The destruction of our wilderness also provides a glimpse into what we, as a nation, treasure and honor most. We love technology. We love resources. We love the commercial. We love control and exploitation. We thrive off of the pride that results in taming and leveling and shaping. A road through a forest is much more than getting from point A to point B, it is about conquering the forest, and all the fears and myths that forests have always inspired. But what if we started to value something different? Stegner:
But the mere example that we can as a nation apply some other criteria than commercial and exploitative considerations would be heartening to many Americans.
Perhaps if we started valuing something more than simply what resources we can extract from our natural places, and how easily we can tame them, it would increase our collective spirituality.
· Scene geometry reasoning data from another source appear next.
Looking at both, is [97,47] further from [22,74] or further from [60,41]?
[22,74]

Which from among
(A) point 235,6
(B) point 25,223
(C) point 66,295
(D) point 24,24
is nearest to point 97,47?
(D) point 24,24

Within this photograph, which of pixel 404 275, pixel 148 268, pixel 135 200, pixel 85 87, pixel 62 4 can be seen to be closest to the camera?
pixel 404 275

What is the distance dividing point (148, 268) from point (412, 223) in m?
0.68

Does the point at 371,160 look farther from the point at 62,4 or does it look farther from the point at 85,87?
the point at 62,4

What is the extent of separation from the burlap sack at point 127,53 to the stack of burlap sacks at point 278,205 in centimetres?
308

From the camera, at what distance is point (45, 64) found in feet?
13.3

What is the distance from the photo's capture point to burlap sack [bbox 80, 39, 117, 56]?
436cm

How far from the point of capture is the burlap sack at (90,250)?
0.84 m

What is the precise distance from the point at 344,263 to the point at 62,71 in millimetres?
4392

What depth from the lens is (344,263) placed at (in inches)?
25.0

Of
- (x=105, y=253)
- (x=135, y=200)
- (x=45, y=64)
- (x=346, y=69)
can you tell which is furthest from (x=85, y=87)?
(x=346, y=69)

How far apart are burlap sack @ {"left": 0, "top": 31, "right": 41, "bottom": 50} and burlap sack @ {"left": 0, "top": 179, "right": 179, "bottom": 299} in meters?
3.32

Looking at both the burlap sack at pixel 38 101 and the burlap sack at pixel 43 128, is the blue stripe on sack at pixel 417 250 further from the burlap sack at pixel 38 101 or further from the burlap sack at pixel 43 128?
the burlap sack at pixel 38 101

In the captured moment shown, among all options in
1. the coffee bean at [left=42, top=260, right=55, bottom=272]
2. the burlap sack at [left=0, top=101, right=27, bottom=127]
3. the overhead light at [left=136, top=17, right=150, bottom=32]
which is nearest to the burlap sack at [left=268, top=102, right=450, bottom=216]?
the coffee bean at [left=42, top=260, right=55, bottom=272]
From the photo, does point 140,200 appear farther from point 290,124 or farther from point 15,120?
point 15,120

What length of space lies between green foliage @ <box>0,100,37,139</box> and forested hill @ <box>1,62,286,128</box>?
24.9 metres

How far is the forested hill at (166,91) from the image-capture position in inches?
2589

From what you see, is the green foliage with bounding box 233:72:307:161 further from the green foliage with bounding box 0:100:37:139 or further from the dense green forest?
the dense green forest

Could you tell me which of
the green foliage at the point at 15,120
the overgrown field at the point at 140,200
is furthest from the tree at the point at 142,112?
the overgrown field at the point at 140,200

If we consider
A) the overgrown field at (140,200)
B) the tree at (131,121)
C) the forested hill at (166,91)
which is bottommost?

We could value the beauty of it, the vastness, the tranquility, our ability to go there and think and contemplate, our sense that there are some things we can't control, and in those things we can find something divine.

Shouldn't we as Mormons be leading the fight to protect our last remaining natural places? Shouldn't we be influencing the national environmental discussion to include terms like values and spirituality? I wish we could move past the partisan politics on issue, liberals want conservation and conservatives want exploitation, and agree that wilderness is good for our souls.

3 comments:

Josh said...

I knew it would happen. Finally something that we, at least at the core, agree on!!!!

Jacob S. said...

And it only took 10 months.

Andrew said...

That's one thing I miss about Utah -- I love to hike and it was so easy with the mountains a few blocks from home. We have some of that here in southern California, but it's harder to find a place to live where you can have useful access to both the city and the wilderness.